Chiudono la sequenza i Calamaretti con ricotta su velluto di paparina — la tenera pianta del papavero selvatico, protagonista della cucina povera salentina — e polvere di olive.
Il primo piatto è un omaggio alla tradizione cerealicola del Sud: Tubetti di grano Senatore Cappelli, varietà antica recuperata e valorizzata, con ceci neri della Murgia. Questi ultimi sono un Presidio Slow Food dalla forte identità: piccoli, scuri, rugosi, coltivati da secoli in rotazione con il grano sullo stesso altopiano pugliese. Un piatto povero nella forma, ricchissimo nella sostanza.
Il secondo porta in tavola il Filetto di ombrina alle erbe aromatiche, accompagnato dai pomodori gialli “te penda” — le varietà da serbo tradizionalmente appese in grappolo per durare tutto l’inverno — e dagli spunsali, i cipollotti lunghi che la tradizione pugliese vuole protagonisti di calzoni, frittate e contorni di ogni stagione.
A concludere la serata, le Tettine delle monache, dolce iconico dalle origini altamurane, riconosciuto come prodotto agroalimentare tradizionale italiano.
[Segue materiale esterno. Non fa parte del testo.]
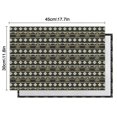 thumbnail image 5 of Black Buffalo Geometric Pattern Summer Placemats Table Placemats Set Of 6-Linen Kitchen Washable Placemats Table Mats 11.8"x17.7" Non-Slip Heat Resistant, 5 of 5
L’intera cena è abbinata ai vini di tre cantine del Salento.
La cena è aperta a tutti: i soci Slow Food partecipano a 50 euro, i non soci a 60 euro. Chi volesse avvicinarsi al mondo Slow Food può tesserarsi direttamente la sera dell’evento, usufruendo di una quota speciale di 80 euro comprensiva di cena e tessera annuale.
Un’occasione rara in un luogo speciale che valorizza la cultura enogastronomica e dove dialogano due territori lontani ma accomunati da una stessa attenzione alla qualità, alla lentezza e alla memoria del cibo.